You put the brakes on, stop yourself by grabbing onto the rough bark of a full grown pine and whirl around, trying to keep the shotgun up, remembering too late that you didn't reload it. You haul the gun up like a shield but the creature is a huge, unstoppable, screaming force.
Dizziness rears up like a maddened, frothing stallion, hooves kicking, and a split second before the darkness swamps you entirely you recognize that voice.
Dad.
You don’t so much wake up as jolt upright out of warm water into arctic winds. Your stomach twists and your eyes skitter over the scene twice before your brain catches up to them.
You’re in the front seat of the Impala. The actual, honest-to-God Impala. You’ve been propped you up against the door with your neck crooked and your forehead resting on the cool glass of the window. The motor hums smooth and deep but your body bounces from the spinning of the wheels on the uneven dirt road. Pebbles ping off the undercarriage with varying degrees of sound. Better slow down, Dad, you think. Gonna bust something.
Of course Dad’s at the wheel. Dad, dressed all in black, his head and beard a black fuzzy mask and his voice low but steady saying something all along. “-you listening to me, Dean? You with me again?”

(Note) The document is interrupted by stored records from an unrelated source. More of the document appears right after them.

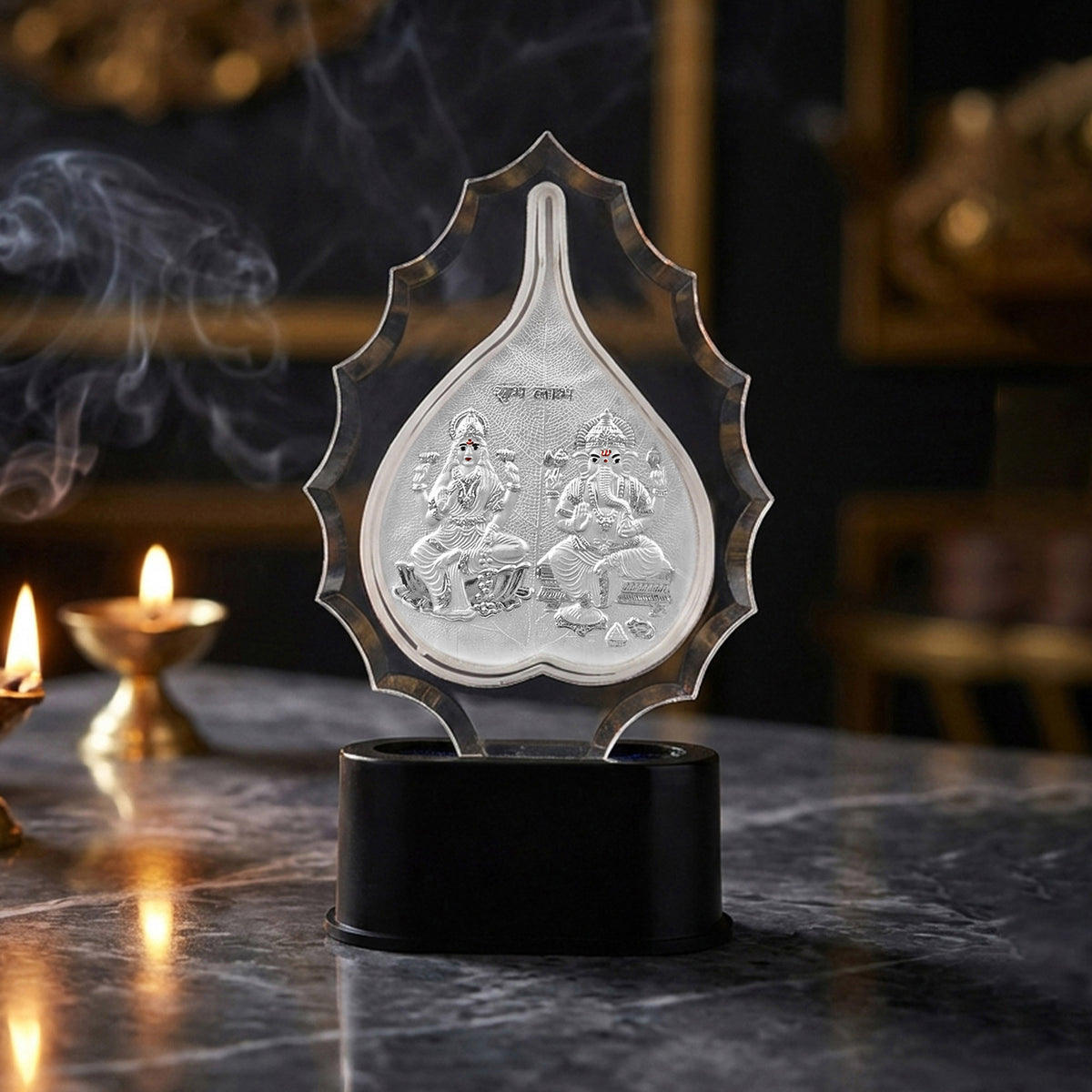 999 Silver Lakshmi Ganesh Idol Stand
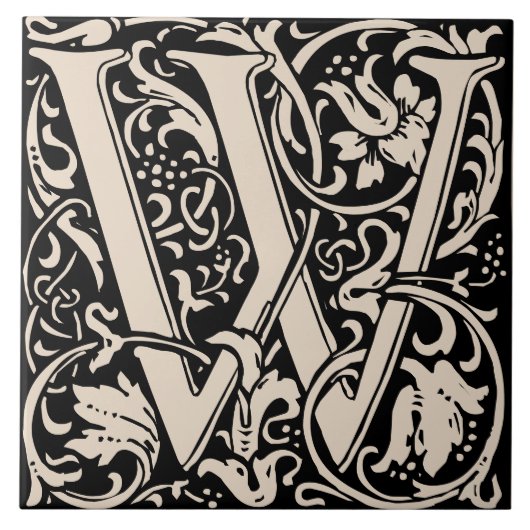 Carreau William Morris Lettre monogramme Art nouveau W (Devant)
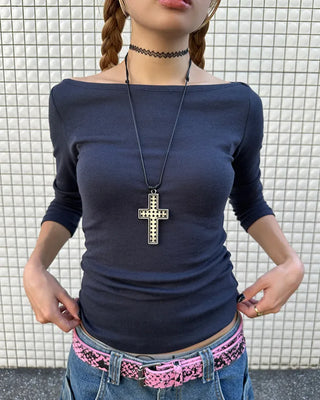 Boat neck cropped sleeve cut and sew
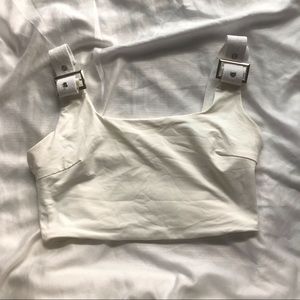 White buckle crop top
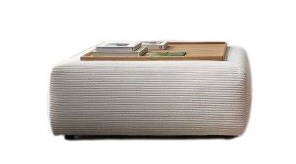 Hocker Elementos - Stoff, Weiß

“Yeah, Dad,” you say in a voice as gritty as sandpaper. You swallow and try again. “Where? How’d you get here? You … New Mexico.”
Dad makes a harsh exhalation that might have been a laugh at another time. “Shit, boy. You’re gonna be the death of me one of these days, I just know it. New Mexico was my last hunt. Remember? We’re on this hunt together, son. You think I’d let you go off on your own at twenty-two? I may be crazy but I’m not an idiot.”
You blink and try to sit up straighter. The blanket Dad had covered you with slides down and you see that the leg is cut off your jeans, just sawed right off. Dad must have used his favorite knife on them - you’ve seen him do that often enough. A fresh white bandage covers the meat of your thigh and there’s no pain, never really is when you’ve got a deep wound.
“But I thought … I wasn’t after the marke-cat alone?”
“Hell, no, you weren’t hunting it alone. You don’t remember us coming out here this morning, splitting up to cover more ground?”
You shake your head; immediately regret that motion because it’s like your brains are filled with water that’s swishing side to side in sloppy waves. “No, sir,” you slur.
“The claws must have had some sort of poison on them. I heard you yell when it got you and I chased you down for a good three hours afterward.”
Dad glances at you and you try real hard to focus on his face, to keep a hold of his gaze, because if you’re looking at him you’re going to be okay, gonna be alive and kicking and not lost in that place where you were all day long … that place where you were alone. You make yourself relax, because you’re safe and warm and okay. Pretty soon your head lolls and your eyes try to close. You stretch your eyes wide so that they’ll stay the hell open, but it doesn’t seem to be working.
Dad’s hand snakes out to curl around the knob of your shoulder, then slides down your arm to squeeze at your elbow. Dad’s hand, short thick fingers with a fuzz of black hair on them, strong hands. The strongest. “You don’t need to stay awake, Dean, you hear me? It’s okay, kiddo. You can sleep if you want. We’ll be at Pastor Jim’s in a few hours. He’ll fix you right up.”
“Thought you were gone, Dad,” you hear yourself saying. “Thought you and Sammy were both gone.”
The line of Dad’s jaw tightens. “I’m here, Dean. I’m not going anywhere.”
“Okay, Dad,” you say. “Okay.” It’s not, though, not really. Sammy’s still gone, but Dad’s here and that’ll have to be good enough.
You let yourself drift off then, because you know your Dad’s not lying to you. He’s not gonna leave you like Sammy did. No, he’s never going to do that.